The winning bid: $60.
There was lots of art and sports memorabilia, including many hats and posters from Super Bowl XLII in 2008, including two photos of Petters with Michael Strahan, then with the champion New York Giants (and now with Kelly Ripa).
Luther said: “It’s signed by Strahan: ‘From one champ to another.'”
Someone from the audience called out: “You mean ‘Chump’ …”
It went for $80.
A Timberwolves jersey, XL, still in its plastic wrapping, went for $35.
All of Monday’s winning bids are online at the Luther site; the first 86 are the Petters’ items. Many of the others are sports cards and such from the late radio personality Dark Star’s collection.
Winning bidders had to sign a three-page disclaimer sheet from the Justice Department, confirming that they were not involved in the Petters case in any way.
While we were perusing the auction items beforehand, we’d noticed a very large piece of art on the wall, called “Reclining Bird,” and signed by Barb Oak. We’d never heard of her (and still can’t find anything online about her.) And while the tannish piece was interesting, it was really too big — 40 inches by 60 inches — for display in any normal-sized house.
But there was a guy keeping a close eye on it, and then he called someone and was describing it in great detail, the colors, the size, the textures. He stayed on the line for a long, long time, so we figured he was one of those experts on the PBS shows who knows the value of auction items and might have found a deal.
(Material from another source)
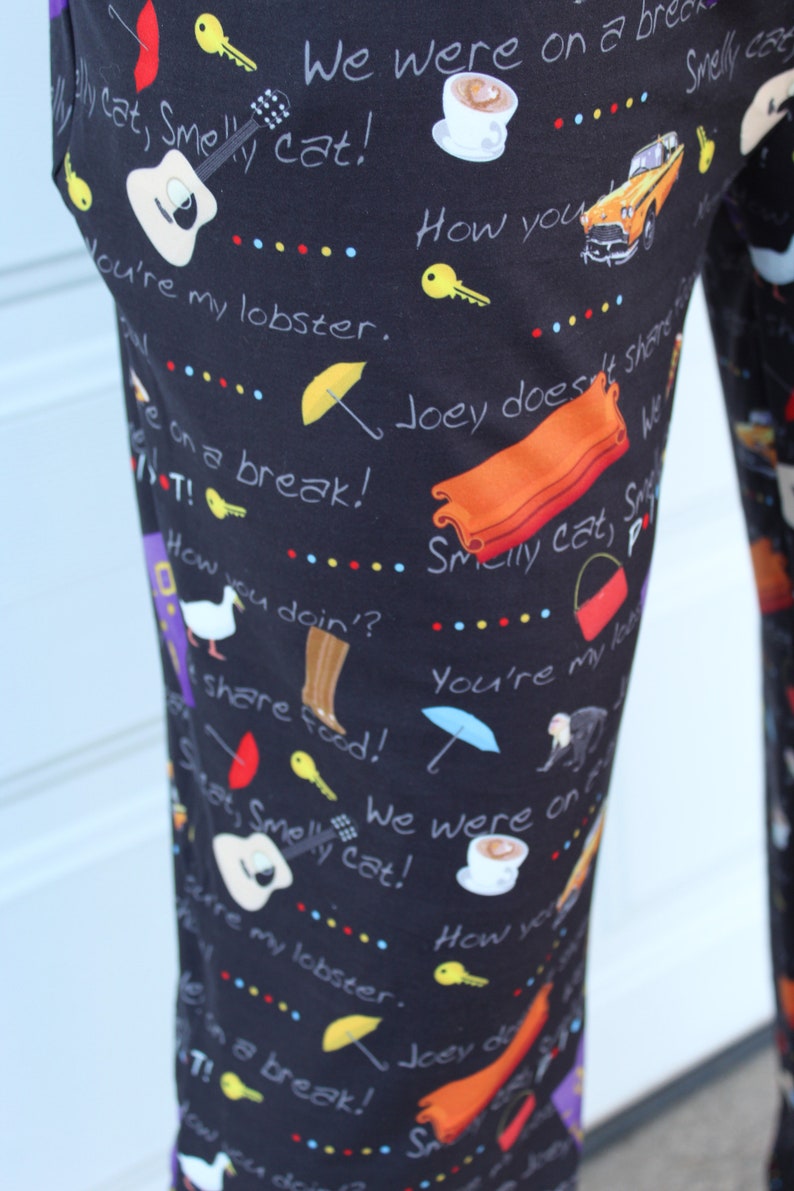 May include: Black pants with a repeating pattern of various images and text from the TV show Friends. The text includes phrases like "Smelly Cat", "We were on a break", "How you doin?", and "You're my lobster".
When Item 32, the Reclining Bird, came up, my wife leaned over and said she wanted to be able to say she’d bid on something at the Petters auction, so she planned to jump in early on the Bird and up the price for the “expert” who’d been scoping it out.
Opening bid was $50. She held up her bidding number at $60. “Sixty dollars, the lady on the side,” Luther said.
And then, before we could take a big swallow, Luther says: “Going, going, gone. $60 to the lady on the side.”
Oh, my. Good thing we had the van.
It may not be valuable, and we sure don’t have a place for it, but it’s kind of a good story.